The Serbian government, already grappling with hyper inflation, certainly believes the embargo is taking its toll. Radoje Kontic, a deputy prime minister in charge of the economy, said the removal of the sanctions was a priority because otherwise 'a total collapse is inevitable'.

The Serbian Academy of Arts and Sciences has written to the UN Secretary General to say that 'the Serbian people have been brought to the edge of existence' by the sanctions and that 'children and the sick are dying'.

While such statements may be exaggerated, hard evidence that the embargo is working lies in the acute shortage of petrol for private use in Serbia. Streets in Belgrade that were once filled with traffic until late at night are often deserted. The government has slashed petrol supplies to residents of the city to conserve fuel for the armed forces. Petrol is available for hard currency, but that in turn suggests that the sanctions have caused the black market to expand.

Until early this month, oil was arriving on barges - some Serbian, some from other nations. They collected supplies at the Romanian port of Constanta and sailed up the Danube into Serbia. With no international body patrolling the Danube, and no monitoring of invoices and end-users, sanctions-busting proved relatively easy. The West then put pressure on Russia and Romania to cut off this source of supply, and experts said both countries have fallen in line.

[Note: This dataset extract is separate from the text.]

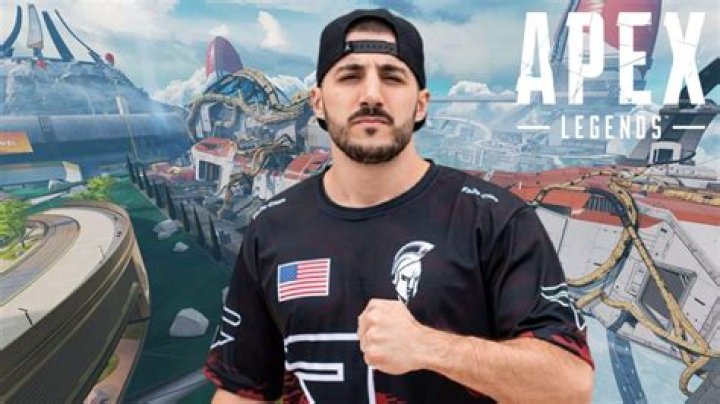 NICKMERCS reveals his new favorite weapon in Apex Legends for fastest TTK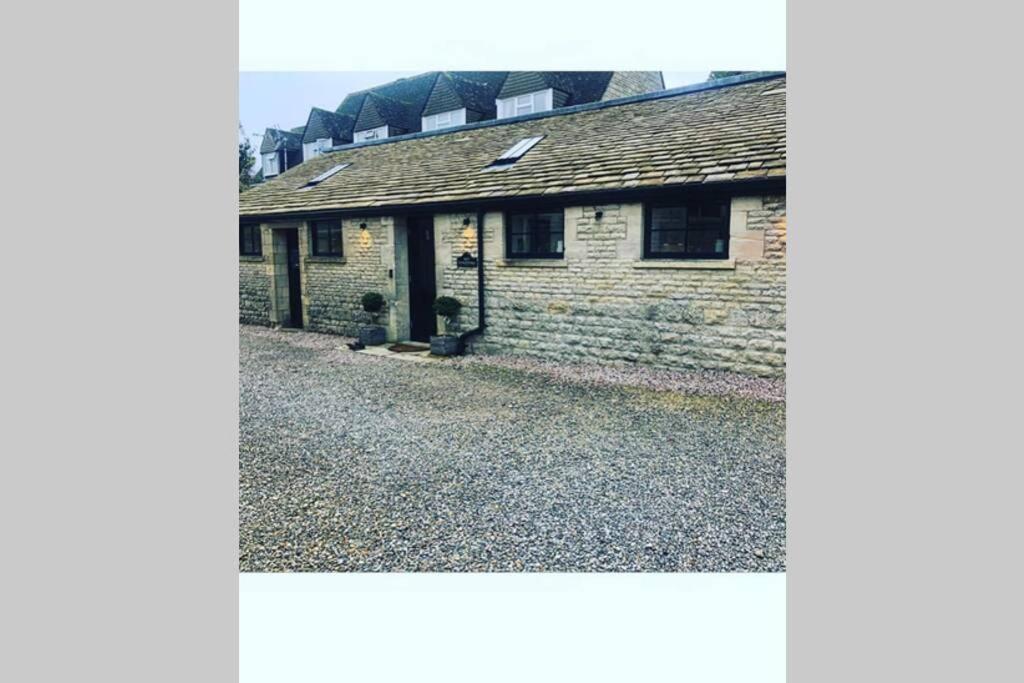 New Loos Cottage, Old School Court ストウ・オン・ザ・ウォルド エクステリア 写真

Boris Yeltsin, the Russian president, signed an order on 14 July on strict implementation of the sanctions. It was not necessarily the Russian and Romanian governments that were breaking the UN embargo, though they have proved more reluctant than the West to isolate Serbia. Rather, the guilty parties were individual companies and traders cutting deals with Serbian organisations.

Some German officials have suggested that Greece - a traditional friend of Serbia - has also violated the sanctions, but if so the amounts involved are probably small. Greece has no common border with Serbia; its goods must first pass through Macedonia. But Macedonia, still seeking diplomatic recognition from the West, has no interest in turning a blind eye to sanctions-busting.

Some goods may be entering Serbia by sea through ports on the strip of Adriatic coast that belongs to Montenegro, Serbia's ally. This is the region where the Western European Union and Nato have deployed warships to enforce the embargo. However, the Western operation is not authorised to stop ships or check their cargoes.

According to Italian officials co-ordinating the operation, about 50 to 70 merchant vessels pass through the Strait of Otranto everyday. Before the embargo, Western businessmen said some vessels were unloading goods at Montenegrin ports, from where they were taken to Serbia.

With the world's eyes on Serbia, less attention has been paid to Croatian violations of the UN arms embargo on the former Yugoslavia. By air, sea and land, Croatia has received tons of weapons in the last year. Much weaponry is of Soviet design and comes from former Warsaw Pact countries. Some have arrived via Austria, not from the government (although it supports Croatia), but from underground arms dealers.